職業執行者の俺、 天使と悪魔と契約して異世界を生き抜く!!(旧題: 漆黒の執行者)

サクえもん

第二十六話 再戦

 時は移り優の今の状況はというと今まさに王女に対し求婚中であった。
 優が何故そのような行為に及んでいるのかはいたってシンプルな理由である。
 優は、 王女と結婚し王になりたいのだ。
 無論優は、 アリシアに対し行為をもってこのようなことはしていない。
 それに王になりたいのだというのならアリシアを殺してしまったほうが楽である。
 だがそれができない理由があった。
 それはアリシアの容姿がユリシアに非常に似ており、 剣を抜こうとした瞬間シアの笑顔が優の頭によぎるのだ。
 優とてそのような可能性も存在しうるとあらかじめ想定はしていた。
 だが実際にその状況に遭遇し、 優は自身が自分の想定していたよりもユリシアの事を大切に思っていたことを知り、 その姉であるアリシアの事を殺すことはできないと悟ってしまったのだ。
 その為優は、 アリシアを自分の妻に迎え死ぬまで利用しようと心に決めたのだ。
 またこの方法には他にもメリットは存在する。
 そのメリットとは、 革命を抑制することができるのだ。
 力で人を支配するだけでは、 民衆はついてこない。       
 優はそれをよく理解していた。
 だからこそ優が無理やり玉座についた場合必ず革命は発生する。
 そのたびに力づくで国民を抑えていてはいづれ国民はいなくなってしまう。
 また優も力をそのような事に使いたくはなかった。
 そのためにも優は、 ここでなんとしてもアリシアを口説き落とし結婚しなければならなかった。
 ただ王になるだけならアリシアと結婚するのではなく、 すでに優に対して好意を持っているユリシアと結婚すると言った手段もあるが、 優はそれを自身の中で禁じてと定めていた。
 ユリシアと結婚した場合、 まず初めに自身の計画が雪達に知られる可能性があるのだ。
 それだけでなく優は、 ユリシアをもう二度と城に戻したいとは思っておらず、 道具のように扱うなどもっての他だと考えていた。
 

 「さて王女様。 返答はいかに?」
 「仮面野郎をぶち殺せ!」
 「俺たちの王女様に何してくれてんだ!」


 周りの人間は、 優の言葉に怒りをあらわにした。
 

 「黙れ。 お前らに聞いているのではない。 部外者は黙っていろ」


 優はそう言いながら周りに強烈な殺気を放った。
 すると先ほどまで優に対し暴言を浴びせていた人たちは、 そのさっきのあまりの大きさに声すら上げることができなくなってしまい、 気が弱い者は気絶してしまっていた。
 だがそんな強烈な殺気を浴びせられて尚行動できるものが一人だけいた。


 「ファントム様と申しましたかな?」
 

 剣神ジーク・シュタインである。
 優はジークが前に出てきた時仮面の下で少し悲し気な表情を浮かべた。
 今の優は、 ジークの何倍、 いや何十倍強いと言っても差し支えはなかった。
 ジークもその事を理解しており、 顔には死を覚悟した男の顔をしていた。
 そんなジークの気持ちを一か月程度の付き合いとは言え、 優には理解できてしまったのだ。

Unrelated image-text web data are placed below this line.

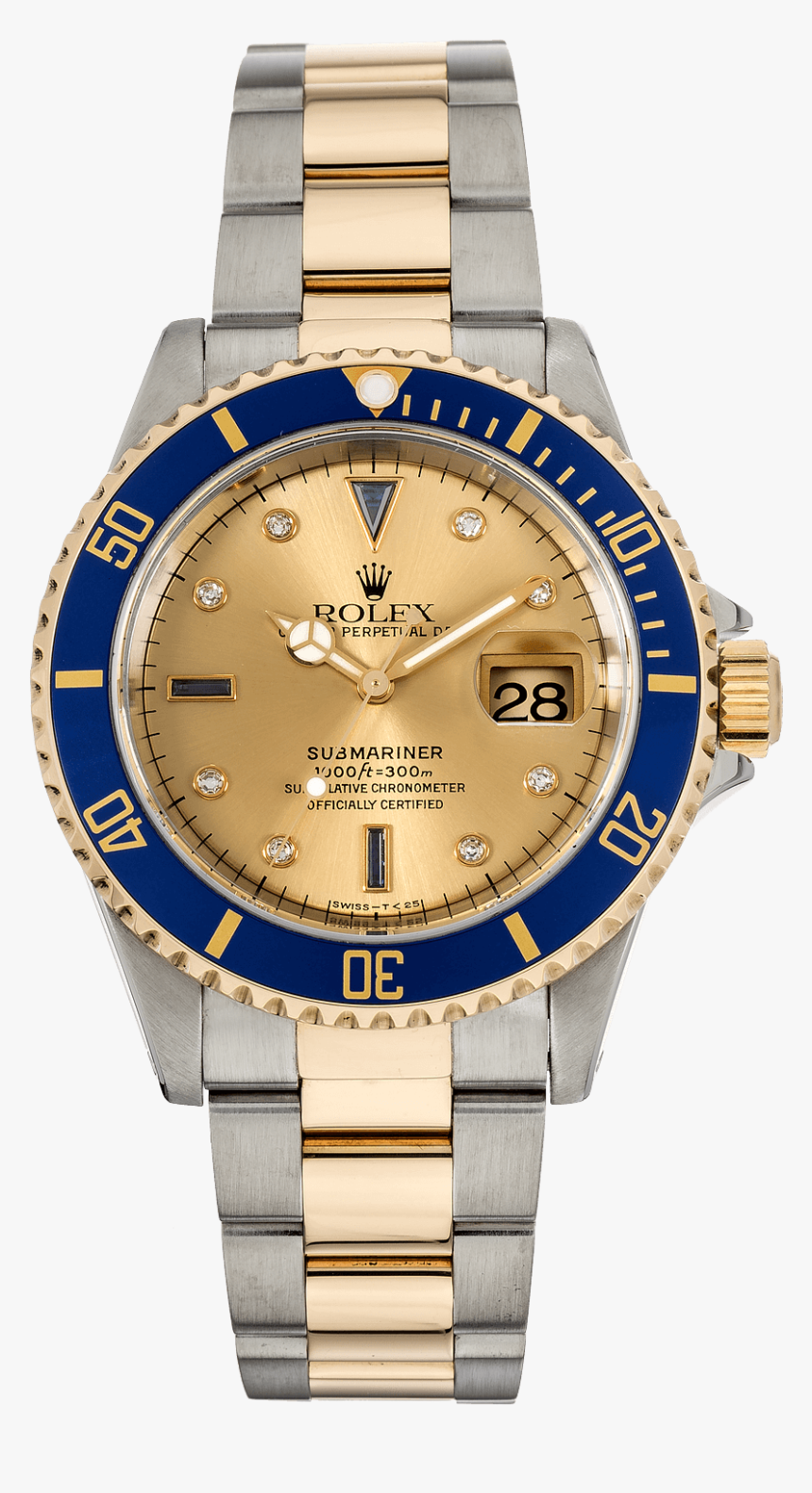Submariner Yellow Gold And Stainless Steel Automatic - Rolex Submariner Mother Of Pearl Face, HD Png Download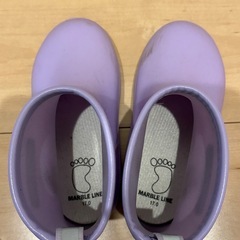 長靴　女の子　17センチの画像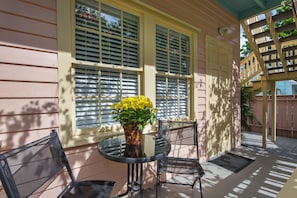 Front porch sitting area is a great place to relax!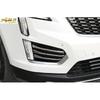 Chrome Steel Front Fog Light Lamp Strip Trim 6PCS Fit For Cadillac XT5 2017-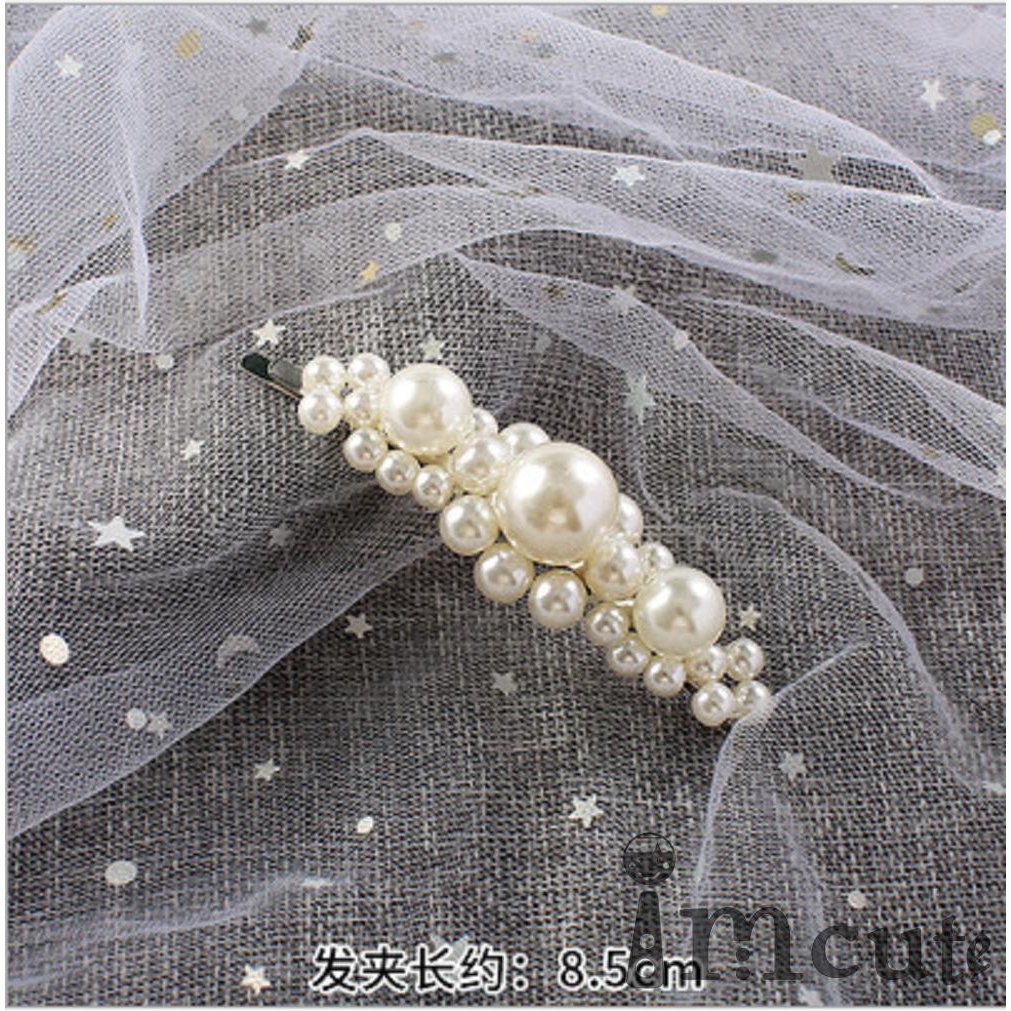 Kẹp tóc đính ngọc trai thời trang cho nữ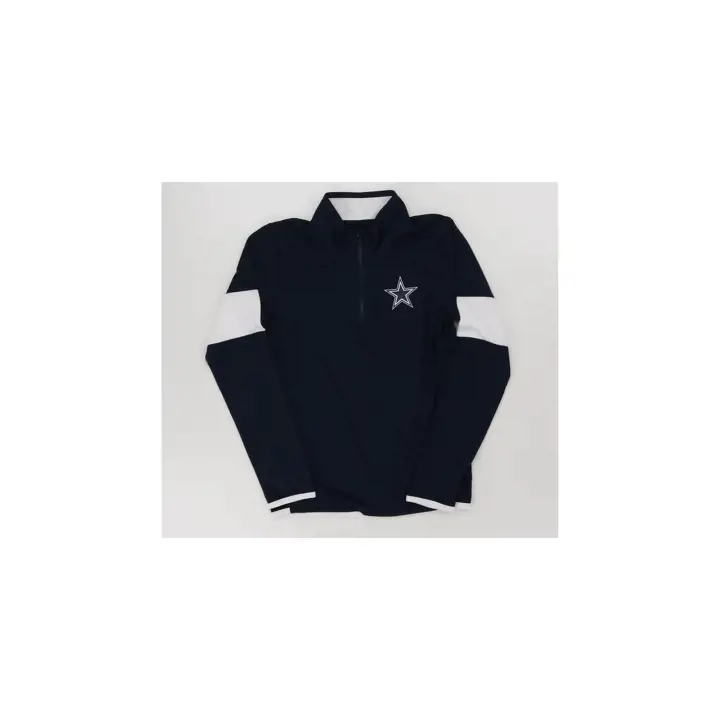Sweat-shirt pour jeune Dallas Cowboys NFL Yardline 1/4 zip marine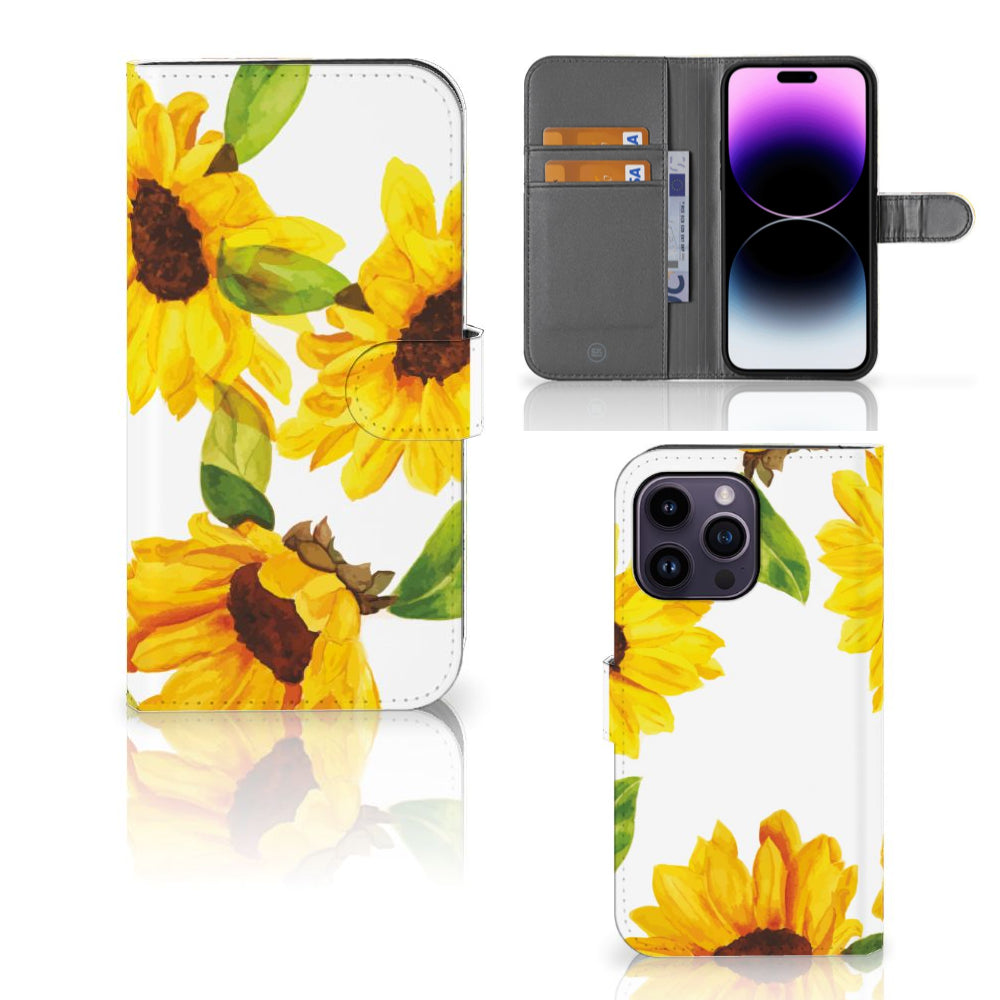 Hoesje voor iPhone 15 Pro Max Zonnebloemen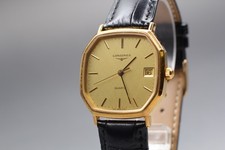 Montre Homme LONGINES L950.2 4486 Cadran Or Date Quartz Vintage [Presque comm...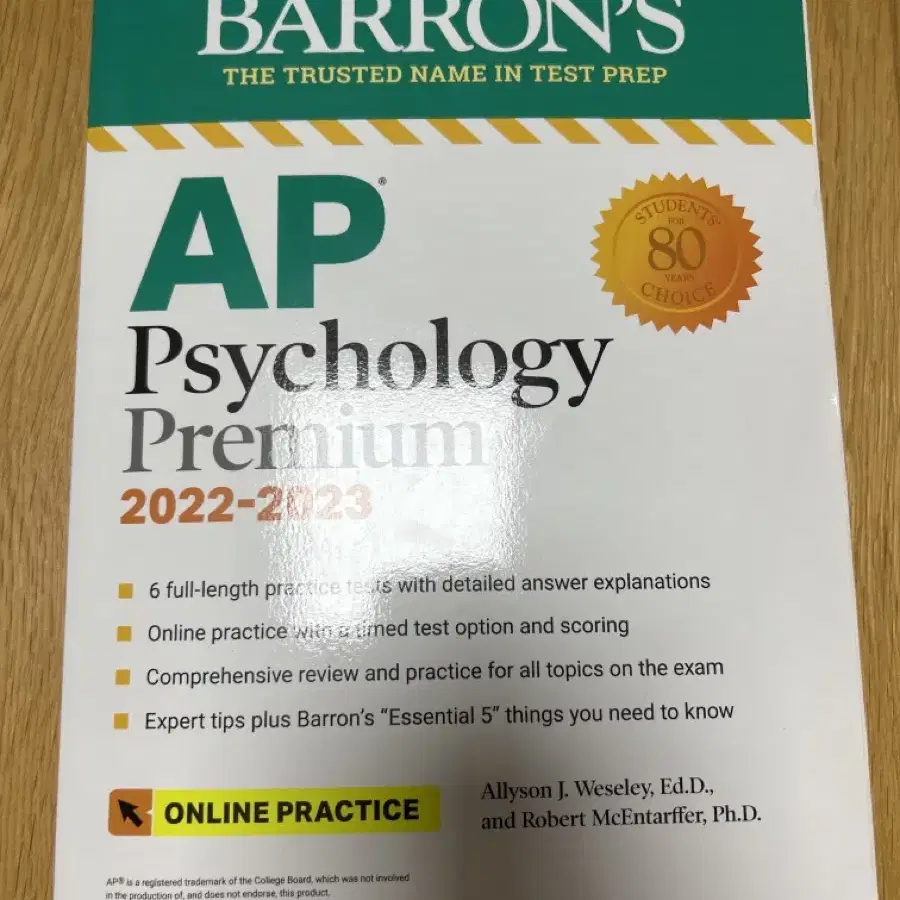 Barrons ap psychology premium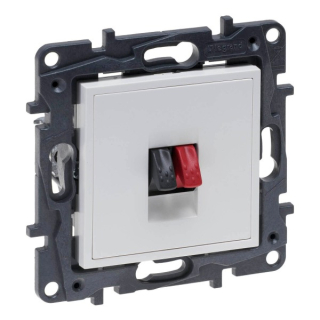 LEGRAND 863185 Niloé STEP Zásuvka reproduktorová jednoduchá bílá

 「剣神ジーク・シュタイン様。 私に何かようですかな?」
 「いえ。 少々私と手合わせしていただけませんか?」


 このタイミングで殺し合いではなく、 手合わせというジークの言葉に優は少し困惑の表情を浮かべた。
 そののちアリシアの方を見たがアリシアは、 未だ気持ちの整理ができていない状況であり、 優はそれを知るとジークの申し出を受け入れる旨を伝えた。
 優がこの提案を受け入れたのには二つ理由がある。
 一つは、 ジークの考えを知りたいという気になったからだ。
 二つ目はこの国の最強戦力である剣神を倒せば周りも自分の実力を認めると考えたからだ。




 「ルールは?」
 「特にありませんよ。 魔法でもなんでも使いたい放題。 ただし相手が参ったと言ったらか死んだら終わりです」
 「ほう。 殺しもありと?」
 「ええ」
 「それなら早く決着がつきそうですね」


 優のこの言葉は、 もちろんブラフだ。
 この言葉には、 “ここでビビって引いてくれるなら引いて欲しい” そんな優の気持ちが籠っていた。
 だがそんな優の期待は、 当然裏切られる。
 



 「ほほほ。 私ももう年ですがそれでも剣神。 そう易々とやられるわけにはいきませんな」
 ーやっぱりダメか……


 優はため息をつくとジークと距離を取り、 剣を構えた。


 「おや大分変った型をしていますね」
 「そうですかな?」


 優は今回右手には反逆の大剣ルシファー、 左手にはリボルトナイフとかなりアンバランスな組み合わせで望んていた。
 それに対しジークは、 以前とと同じく直剣と盾である。
 ジークの武器のレベルは相当な物であったが優の武器には到底及びはしていなかった。




 「ではいきますよ!」


 律儀にジークはそう言うと優とジークの試合は始まった。
 優は、 ジークが一体どうやって攻めてくるのか考えを深く巡らしていたがその思考はすぐに放棄することとなった。
 何せジークは真正面から突っ込んできたのだ。


 「ふざけているのか! 正面から突っ込むなんて愚策だと言ったのはあんただろう!」


 優は怒りのあまりついいつもの口調に戻ってしまった。
 だが優が怒声を上げている間にもジークは、 盾の武技であるバニッシュを優目掛け放ってきた。
 バニッシュは主に相手の武器を弾き飛ばす武器である。
 この武技は至ってシンプルな効果だがその分使用者の筋力が上がれば上がるほどすさまじい効果を発揮する。
 だが逆を言えば自身の筋力が相手より低ければその技は、 不発に終わるどころかかえって大きな隙を生み出してしまう技なのだ。


 「もういい。 これで終わりだ」


 優は、 ジークの盾目掛けすさまじい速度で蹴りを放った。
 その蹴りの威力はすさまじくジークの盾は、 あっという間に壁際まで吹き飛ばされしまった。
 そして優は、 怯んだジークの首目掛け大剣ふったがそこは剣神。
 優の想定していたよりも早く怯みから回復し、 優の大剣を剣を両手で持ち、 その軌道をすれすれで逸らすことに成功した。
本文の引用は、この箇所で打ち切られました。